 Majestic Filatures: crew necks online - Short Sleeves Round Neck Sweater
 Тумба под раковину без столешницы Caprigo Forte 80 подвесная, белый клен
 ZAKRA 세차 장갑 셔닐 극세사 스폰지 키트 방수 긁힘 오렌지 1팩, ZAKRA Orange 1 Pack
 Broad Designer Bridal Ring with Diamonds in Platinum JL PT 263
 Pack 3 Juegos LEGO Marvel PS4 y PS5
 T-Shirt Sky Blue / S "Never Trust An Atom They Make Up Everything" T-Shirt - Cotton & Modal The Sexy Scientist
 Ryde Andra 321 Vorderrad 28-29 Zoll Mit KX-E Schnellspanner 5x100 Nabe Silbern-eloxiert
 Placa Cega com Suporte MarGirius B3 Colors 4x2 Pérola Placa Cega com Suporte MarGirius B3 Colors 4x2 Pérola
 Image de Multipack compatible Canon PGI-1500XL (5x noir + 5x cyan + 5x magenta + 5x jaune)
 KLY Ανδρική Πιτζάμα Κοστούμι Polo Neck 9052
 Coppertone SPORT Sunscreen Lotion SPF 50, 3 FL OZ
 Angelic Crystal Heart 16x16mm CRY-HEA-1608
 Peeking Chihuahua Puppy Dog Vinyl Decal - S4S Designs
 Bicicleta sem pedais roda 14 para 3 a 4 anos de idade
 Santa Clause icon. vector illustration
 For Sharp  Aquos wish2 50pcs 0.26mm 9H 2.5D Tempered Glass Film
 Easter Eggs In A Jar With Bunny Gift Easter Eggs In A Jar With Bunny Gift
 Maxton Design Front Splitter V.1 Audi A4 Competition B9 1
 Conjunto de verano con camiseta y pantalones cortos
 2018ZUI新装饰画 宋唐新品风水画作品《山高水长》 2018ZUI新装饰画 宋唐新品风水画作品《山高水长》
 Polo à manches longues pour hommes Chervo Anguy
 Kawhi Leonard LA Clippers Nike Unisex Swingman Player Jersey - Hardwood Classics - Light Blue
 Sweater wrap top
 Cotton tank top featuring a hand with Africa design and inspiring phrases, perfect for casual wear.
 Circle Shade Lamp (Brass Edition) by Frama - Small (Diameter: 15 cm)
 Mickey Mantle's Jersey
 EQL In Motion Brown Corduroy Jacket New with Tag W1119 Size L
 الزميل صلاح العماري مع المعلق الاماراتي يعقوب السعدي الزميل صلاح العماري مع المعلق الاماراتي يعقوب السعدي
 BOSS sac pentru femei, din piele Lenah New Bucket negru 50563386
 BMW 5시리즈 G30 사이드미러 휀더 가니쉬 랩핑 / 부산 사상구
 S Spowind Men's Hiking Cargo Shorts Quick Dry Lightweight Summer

• • • • • • •

- [WHAT TO WORK ON] Copy exactly. Include the line containing "EQL In Motion" and every later line through the end of the listing, and nothing else.

- [WRITTEN RESPONSE]
 EQL In Motion Brown Corduroy Jacket New with Tag W1119 Size L
 الزميل صلاح العماري مع المعلق الاماراتي يعقوب السعدي الزميل صلاح العماري مع المعلق الاماراتي يعقوب السعدي
 BOSS sac pentru femei, din piele Lenah New Bucket negru 50563386
 BMW 5시리즈 G30 사이드미러 휀더 가니쉬 랩핑 / 부산 사상구
 S Spowind Men's Hiking Cargo Shorts Quick Dry Lightweight Summer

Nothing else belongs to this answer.